Recently, throughout the day, the master server has died for half an hour. For unknown reasons, this has happened 4 times in the same day.

Times:
12:00 - 12:20
01:30 - 01:50
03:00 - 03:30
17:40 - 21:30 on and off
(times are in EST)
« Last Edit: October 20, 2010, 10:20:43 PM by Kalphiter »

IRC spam
IRC spam everywhere.

Recently, throughout the day, the master server has died for half an hour. For unknown reasons, this has happened 4 times in the same day.

Times:
12:00 - 12:20
01:30 - 01:50
03:00 - 03:30
18:40 - 19:15
I just heard about it from Kiwi..
   New Updates? Crashes? What.

Huh. I wonder why.

But damn, IRC was going nuts.

IRC was fun while it was down, though.

2012 Preparation Day  :cookieMonster:

Plus a chance to view intense IRC spam in progress.

This will probably get about 10 pages within 5 minutes.


Hooray!

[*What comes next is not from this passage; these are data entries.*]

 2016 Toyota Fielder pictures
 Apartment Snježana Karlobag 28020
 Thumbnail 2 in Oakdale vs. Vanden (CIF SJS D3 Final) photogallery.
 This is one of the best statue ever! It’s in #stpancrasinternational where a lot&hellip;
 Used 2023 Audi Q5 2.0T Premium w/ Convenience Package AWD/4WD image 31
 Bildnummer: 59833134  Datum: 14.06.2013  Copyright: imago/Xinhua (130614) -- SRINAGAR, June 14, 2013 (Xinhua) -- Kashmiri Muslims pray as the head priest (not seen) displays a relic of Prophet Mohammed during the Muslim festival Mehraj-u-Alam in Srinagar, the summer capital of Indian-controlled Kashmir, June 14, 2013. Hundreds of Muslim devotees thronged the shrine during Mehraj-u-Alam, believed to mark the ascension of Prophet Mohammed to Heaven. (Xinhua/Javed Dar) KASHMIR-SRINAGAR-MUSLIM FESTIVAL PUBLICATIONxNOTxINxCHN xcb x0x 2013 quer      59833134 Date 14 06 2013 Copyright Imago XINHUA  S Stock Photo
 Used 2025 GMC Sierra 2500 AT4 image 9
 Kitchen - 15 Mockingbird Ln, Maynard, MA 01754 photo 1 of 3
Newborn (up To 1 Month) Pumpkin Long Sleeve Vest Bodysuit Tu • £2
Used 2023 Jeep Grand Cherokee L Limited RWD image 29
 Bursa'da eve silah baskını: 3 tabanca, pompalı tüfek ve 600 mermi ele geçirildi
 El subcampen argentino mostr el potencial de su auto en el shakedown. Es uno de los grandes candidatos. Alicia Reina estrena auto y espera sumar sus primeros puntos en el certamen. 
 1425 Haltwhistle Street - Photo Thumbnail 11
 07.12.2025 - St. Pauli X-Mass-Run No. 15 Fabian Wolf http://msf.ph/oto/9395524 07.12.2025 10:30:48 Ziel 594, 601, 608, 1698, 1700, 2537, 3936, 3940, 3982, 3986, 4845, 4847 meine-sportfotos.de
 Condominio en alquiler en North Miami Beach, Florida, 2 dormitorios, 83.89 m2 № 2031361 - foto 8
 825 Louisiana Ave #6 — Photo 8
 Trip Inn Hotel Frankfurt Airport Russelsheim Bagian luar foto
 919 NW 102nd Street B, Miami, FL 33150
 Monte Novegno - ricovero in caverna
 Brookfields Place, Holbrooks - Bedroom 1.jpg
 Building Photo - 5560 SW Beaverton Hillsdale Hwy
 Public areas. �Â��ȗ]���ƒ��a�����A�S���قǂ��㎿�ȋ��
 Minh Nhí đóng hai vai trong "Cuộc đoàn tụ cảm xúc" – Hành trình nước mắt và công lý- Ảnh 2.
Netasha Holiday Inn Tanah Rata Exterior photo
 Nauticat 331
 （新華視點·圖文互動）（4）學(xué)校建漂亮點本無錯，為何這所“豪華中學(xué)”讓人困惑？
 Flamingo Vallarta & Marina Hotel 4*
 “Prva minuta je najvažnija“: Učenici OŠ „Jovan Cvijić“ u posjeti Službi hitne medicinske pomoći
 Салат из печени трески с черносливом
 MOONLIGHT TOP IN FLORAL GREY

There's only 15 servers up though...

This will probably get about 10 pages within 5 minutes.
nah, it's not going that fast

The website (and forums) just was down a couple minutes ago. Did this happen during the other masterserver crashes? I guess all of Badspot's other website's went down too.

The website (and forums) just was down a couple minutes ago. Did this happen during the other masterserver crashes? I guess all of Badspot's other website's went down too.
No, it's caused by high CPU usage for some reason.
And this happened once before, in which it crashed once and was fine from then on.

About time the Master server is back up.

Badspot

  • Administrator
No, it's caused by high CPU usage for some reason.
And this happened once before, in which it crashed once and was fine from then on.

I don't know what the problem is but it's not CPU usage.  The server has like 8 cores and I've never seen it go over 10% usage.  Most freezing on the forum is related to sql usage and the general crappiness of smf. 

There are a large number of connections open on the server but I don't know what the normal numbers are like.   

I randomly poked some numbers in the apache config and now it's working but that could easily be a coincidence considering it's been up and down all day. 

There are a large number of connections open on the server but I don't know what the normal numbers are like.
Could you describe how many? Could you describe what Apache changes were made?

I would put a cap on 2,000 being too many but that's commonly found in long-living connections.

I assumed it was high CPU because this has happened before and it was the cause. This also explained why pings were perfect yet HTTP stuff was a mess.